WORK REQUEST:
Set down, exactly as written, every line from the top of the records below to the line containing "Дневной график BTC/USDT.", both ends included, and no others.
——————
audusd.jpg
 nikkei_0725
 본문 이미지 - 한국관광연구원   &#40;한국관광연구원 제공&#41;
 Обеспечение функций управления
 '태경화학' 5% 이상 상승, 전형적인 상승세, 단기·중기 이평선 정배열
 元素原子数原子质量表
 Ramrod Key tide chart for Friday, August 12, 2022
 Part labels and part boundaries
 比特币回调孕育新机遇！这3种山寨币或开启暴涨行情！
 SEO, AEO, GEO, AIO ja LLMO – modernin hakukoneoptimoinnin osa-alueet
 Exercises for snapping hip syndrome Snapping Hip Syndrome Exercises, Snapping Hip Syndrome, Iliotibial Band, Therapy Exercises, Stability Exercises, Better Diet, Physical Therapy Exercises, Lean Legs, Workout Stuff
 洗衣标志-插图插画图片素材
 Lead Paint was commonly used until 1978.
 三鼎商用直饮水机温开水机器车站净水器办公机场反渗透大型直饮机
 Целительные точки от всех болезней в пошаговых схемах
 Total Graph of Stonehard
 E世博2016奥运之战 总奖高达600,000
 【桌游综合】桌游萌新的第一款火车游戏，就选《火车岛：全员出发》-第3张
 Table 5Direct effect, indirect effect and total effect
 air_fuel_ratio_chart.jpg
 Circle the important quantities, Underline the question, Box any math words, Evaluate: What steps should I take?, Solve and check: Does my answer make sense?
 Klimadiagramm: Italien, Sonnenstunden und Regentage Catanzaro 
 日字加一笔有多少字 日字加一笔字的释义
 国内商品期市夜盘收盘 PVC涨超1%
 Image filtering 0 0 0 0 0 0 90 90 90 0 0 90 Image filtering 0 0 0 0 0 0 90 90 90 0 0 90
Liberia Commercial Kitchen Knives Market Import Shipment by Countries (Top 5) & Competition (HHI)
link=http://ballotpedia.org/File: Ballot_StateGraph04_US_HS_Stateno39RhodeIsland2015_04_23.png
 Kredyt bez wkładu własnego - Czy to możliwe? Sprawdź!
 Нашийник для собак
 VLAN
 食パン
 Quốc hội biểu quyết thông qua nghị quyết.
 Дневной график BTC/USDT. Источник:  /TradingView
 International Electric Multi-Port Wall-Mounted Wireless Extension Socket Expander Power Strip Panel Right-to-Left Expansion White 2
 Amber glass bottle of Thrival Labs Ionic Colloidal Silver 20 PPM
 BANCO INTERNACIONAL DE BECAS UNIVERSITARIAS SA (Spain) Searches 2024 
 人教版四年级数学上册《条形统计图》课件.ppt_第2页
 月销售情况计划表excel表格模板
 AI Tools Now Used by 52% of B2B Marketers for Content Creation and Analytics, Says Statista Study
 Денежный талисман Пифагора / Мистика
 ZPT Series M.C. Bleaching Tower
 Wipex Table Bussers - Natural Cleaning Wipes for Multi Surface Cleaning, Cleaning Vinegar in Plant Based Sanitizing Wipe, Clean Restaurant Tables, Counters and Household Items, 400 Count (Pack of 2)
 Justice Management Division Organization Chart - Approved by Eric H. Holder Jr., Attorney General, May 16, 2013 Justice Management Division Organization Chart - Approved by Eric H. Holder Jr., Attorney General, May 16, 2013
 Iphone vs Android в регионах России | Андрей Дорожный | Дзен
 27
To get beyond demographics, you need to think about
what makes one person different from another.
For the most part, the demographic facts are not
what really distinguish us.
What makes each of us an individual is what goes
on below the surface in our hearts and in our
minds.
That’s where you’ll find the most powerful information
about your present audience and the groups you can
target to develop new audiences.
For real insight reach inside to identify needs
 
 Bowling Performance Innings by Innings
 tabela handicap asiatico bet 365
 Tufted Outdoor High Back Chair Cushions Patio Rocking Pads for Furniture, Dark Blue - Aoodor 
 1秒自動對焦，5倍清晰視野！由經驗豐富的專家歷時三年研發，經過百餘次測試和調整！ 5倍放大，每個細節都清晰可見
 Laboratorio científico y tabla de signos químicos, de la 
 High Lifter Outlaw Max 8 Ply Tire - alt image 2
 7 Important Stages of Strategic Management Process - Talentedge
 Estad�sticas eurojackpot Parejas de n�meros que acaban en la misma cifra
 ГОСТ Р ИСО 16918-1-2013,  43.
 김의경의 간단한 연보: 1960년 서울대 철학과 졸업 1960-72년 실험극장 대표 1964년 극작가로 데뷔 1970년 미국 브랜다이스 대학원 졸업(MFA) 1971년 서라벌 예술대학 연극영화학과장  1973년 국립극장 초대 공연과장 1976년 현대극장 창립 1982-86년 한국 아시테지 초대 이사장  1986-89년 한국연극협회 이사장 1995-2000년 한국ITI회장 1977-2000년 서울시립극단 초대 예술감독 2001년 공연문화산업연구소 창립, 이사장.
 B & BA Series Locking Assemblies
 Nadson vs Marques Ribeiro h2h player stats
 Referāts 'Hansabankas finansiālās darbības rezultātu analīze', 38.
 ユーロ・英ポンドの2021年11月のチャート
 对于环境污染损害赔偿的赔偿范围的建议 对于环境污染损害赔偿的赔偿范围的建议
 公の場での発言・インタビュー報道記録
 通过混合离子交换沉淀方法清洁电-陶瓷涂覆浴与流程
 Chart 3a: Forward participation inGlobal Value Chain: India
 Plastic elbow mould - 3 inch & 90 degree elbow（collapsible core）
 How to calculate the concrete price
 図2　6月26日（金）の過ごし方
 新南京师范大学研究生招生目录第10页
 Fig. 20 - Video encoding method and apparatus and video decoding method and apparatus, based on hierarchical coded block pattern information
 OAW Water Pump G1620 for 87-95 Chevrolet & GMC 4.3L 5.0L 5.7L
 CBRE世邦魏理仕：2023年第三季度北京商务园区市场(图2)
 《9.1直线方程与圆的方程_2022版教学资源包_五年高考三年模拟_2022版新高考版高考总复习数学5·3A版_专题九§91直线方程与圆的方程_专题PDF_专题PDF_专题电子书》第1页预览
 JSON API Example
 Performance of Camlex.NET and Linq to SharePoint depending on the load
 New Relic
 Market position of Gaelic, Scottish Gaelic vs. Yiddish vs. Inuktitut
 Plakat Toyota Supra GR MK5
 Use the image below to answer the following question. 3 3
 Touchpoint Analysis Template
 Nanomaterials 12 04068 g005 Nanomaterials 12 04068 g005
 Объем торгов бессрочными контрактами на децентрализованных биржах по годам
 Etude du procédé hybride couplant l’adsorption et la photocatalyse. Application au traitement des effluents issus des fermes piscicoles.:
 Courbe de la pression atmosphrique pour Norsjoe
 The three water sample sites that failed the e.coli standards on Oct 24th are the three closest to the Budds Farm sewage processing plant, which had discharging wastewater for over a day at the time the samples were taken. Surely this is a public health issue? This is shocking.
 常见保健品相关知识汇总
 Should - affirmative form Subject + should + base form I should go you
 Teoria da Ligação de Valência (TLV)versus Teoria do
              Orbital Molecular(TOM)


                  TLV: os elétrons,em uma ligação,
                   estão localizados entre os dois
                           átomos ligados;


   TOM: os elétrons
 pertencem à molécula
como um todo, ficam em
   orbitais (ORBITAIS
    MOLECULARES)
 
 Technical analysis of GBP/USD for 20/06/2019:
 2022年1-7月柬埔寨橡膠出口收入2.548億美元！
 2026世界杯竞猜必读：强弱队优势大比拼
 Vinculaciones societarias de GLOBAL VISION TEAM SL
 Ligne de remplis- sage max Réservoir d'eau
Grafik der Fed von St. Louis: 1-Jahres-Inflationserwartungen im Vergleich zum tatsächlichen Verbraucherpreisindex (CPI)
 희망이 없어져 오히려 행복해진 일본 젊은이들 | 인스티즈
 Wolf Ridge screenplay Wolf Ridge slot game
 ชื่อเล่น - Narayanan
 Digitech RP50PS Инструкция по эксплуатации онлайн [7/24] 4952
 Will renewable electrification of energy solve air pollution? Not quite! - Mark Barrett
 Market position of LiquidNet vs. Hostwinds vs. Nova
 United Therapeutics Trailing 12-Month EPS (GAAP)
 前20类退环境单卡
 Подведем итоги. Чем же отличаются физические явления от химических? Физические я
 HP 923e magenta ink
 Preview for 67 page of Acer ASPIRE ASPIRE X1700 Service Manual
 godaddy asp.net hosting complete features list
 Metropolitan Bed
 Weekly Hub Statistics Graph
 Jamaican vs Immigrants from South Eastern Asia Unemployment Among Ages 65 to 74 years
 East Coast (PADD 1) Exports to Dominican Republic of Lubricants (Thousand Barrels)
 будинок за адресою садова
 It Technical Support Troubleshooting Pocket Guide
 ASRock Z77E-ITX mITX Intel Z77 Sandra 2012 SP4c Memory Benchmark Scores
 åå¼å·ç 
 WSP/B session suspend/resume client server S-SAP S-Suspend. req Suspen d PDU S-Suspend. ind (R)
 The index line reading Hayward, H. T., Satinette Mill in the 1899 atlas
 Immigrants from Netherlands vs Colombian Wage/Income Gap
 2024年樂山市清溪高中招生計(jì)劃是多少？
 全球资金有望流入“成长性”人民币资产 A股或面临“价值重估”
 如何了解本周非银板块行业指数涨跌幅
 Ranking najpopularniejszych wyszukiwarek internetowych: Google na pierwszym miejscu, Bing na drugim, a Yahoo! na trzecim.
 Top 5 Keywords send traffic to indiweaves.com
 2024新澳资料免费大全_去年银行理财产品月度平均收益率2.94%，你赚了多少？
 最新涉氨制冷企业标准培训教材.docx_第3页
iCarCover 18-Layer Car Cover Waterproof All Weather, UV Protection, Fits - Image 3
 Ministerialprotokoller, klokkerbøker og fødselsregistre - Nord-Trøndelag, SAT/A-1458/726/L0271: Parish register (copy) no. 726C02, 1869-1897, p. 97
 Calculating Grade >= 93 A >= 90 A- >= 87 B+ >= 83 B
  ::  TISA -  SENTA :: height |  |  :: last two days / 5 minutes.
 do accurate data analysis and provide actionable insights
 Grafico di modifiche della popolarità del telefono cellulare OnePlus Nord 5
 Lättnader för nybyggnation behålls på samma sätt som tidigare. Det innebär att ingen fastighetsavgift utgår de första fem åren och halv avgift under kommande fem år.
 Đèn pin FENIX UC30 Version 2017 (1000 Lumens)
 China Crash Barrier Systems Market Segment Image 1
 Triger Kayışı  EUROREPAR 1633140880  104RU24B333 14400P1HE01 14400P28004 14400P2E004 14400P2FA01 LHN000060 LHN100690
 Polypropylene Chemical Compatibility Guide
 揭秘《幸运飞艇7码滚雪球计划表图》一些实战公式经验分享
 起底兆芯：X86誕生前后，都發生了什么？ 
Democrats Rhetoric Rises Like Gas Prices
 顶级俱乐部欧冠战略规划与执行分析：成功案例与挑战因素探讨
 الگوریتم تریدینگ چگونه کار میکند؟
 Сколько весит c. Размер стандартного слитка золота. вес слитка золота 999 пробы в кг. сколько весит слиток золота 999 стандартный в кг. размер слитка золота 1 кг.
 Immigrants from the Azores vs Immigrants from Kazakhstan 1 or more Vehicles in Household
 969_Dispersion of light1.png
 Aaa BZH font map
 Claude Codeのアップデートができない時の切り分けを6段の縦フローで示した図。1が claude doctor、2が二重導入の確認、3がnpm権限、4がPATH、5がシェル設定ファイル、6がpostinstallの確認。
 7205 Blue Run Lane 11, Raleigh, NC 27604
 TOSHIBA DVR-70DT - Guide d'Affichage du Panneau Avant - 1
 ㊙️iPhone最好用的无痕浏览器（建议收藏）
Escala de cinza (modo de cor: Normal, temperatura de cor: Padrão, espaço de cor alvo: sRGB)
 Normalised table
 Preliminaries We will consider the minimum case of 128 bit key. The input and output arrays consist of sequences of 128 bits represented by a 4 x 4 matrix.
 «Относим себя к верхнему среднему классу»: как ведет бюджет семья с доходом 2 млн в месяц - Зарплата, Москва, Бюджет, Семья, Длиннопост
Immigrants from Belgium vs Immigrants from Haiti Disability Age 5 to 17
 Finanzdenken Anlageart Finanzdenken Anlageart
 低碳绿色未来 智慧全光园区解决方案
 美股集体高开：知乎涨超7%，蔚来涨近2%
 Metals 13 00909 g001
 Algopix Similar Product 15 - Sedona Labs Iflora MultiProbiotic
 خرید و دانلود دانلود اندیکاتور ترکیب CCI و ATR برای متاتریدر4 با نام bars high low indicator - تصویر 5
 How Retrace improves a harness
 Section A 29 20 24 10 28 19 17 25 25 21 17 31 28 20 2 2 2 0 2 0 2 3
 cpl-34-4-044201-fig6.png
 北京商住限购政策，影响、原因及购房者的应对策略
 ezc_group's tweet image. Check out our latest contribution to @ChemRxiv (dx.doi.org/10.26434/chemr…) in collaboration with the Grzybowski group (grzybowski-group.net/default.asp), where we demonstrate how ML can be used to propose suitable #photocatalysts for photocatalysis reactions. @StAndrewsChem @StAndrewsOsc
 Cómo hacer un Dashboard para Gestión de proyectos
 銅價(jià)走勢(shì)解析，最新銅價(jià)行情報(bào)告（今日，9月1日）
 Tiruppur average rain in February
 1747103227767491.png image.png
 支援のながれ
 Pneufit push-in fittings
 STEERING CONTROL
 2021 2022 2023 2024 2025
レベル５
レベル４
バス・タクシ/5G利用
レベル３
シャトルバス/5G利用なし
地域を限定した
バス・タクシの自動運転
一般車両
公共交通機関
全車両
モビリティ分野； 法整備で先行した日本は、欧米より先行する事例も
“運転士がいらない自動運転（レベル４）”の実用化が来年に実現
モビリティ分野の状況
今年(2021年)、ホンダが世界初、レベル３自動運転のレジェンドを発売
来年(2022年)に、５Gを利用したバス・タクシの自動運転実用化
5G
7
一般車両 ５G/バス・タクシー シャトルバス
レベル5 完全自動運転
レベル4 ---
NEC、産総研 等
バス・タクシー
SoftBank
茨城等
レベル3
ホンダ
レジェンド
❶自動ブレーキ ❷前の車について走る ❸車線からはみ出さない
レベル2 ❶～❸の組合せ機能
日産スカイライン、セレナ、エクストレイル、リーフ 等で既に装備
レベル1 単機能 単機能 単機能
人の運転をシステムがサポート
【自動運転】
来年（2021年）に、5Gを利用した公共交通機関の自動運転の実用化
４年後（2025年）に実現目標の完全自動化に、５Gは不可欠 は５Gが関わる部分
——————
SOLUTION FOR THIS PROBLEM:
audusd.jpg
 nikkei_0725
 본문 이미지 - 한국관광연구원   &#40;한국관광연구원 제공&#41;
 Обеспечение функций управления
 '태경화학' 5% 이상 상승, 전형적인 상승세, 단기·중기 이평선 정배열
 元素原子数原子质量表
 Ramrod Key tide chart for Friday, August 12, 2022
 Part labels and part boundaries
 比特币回调孕育新机遇！这3种山寨币或开启暴涨行情！
 SEO, AEO, GEO, AIO ja LLMO – modernin hakukoneoptimoinnin osa-alueet
 Exercises for snapping hip syndrome Snapping Hip Syndrome Exercises, Snapping Hip Syndrome, Iliotibial Band, Therapy Exercises, Stability Exercises, Better Diet, Physical Therapy Exercises, Lean Legs, Workout Stuff
 洗衣标志-插图插画图片素材
 Lead Paint was commonly used until 1978.
 三鼎商用直饮水机温开水机器车站净水器办公机场反渗透大型直饮机
 Целительные точки от всех болезней в пошаговых схемах
 Total Graph of Stonehard
 E世博2016奥运之战 总奖高达600,000
 【桌游综合】桌游萌新的第一款火车游戏，就选《火车岛：全员出发》-第3张
 Table 5Direct effect, indirect effect and total effect
 air_fuel_ratio_chart.jpg
 Circle the important quantities, Underline the question, Box any math words, Evaluate: What steps should I take?, Solve and check: Does my answer make sense?
 Klimadiagramm: Italien, Sonnenstunden und Regentage Catanzaro 
 日字加一笔有多少字 日字加一笔字的释义
 国内商品期市夜盘收盘 PVC涨超1%
 Image filtering 0 0 0 0 0 0 90 90 90 0 0 90 Image filtering 0 0 0 0 0 0 90 90 90 0 0 90
Liberia Commercial Kitchen Knives Market Import Shipment by Countries (Top 5) & Competition (HHI)
link=http://ballotpedia.org/File: Ballot_StateGraph04_US_HS_Stateno39RhodeIsland2015_04_23.png
 Kredyt bez wkładu własnego - Czy to możliwe? Sprawdź!
 Нашийник для собак
 VLAN
 食パン
 Quốc hội biểu quyết thông qua nghị quyết.
 Дневной график BTC/USDT. Источник:  /TradingView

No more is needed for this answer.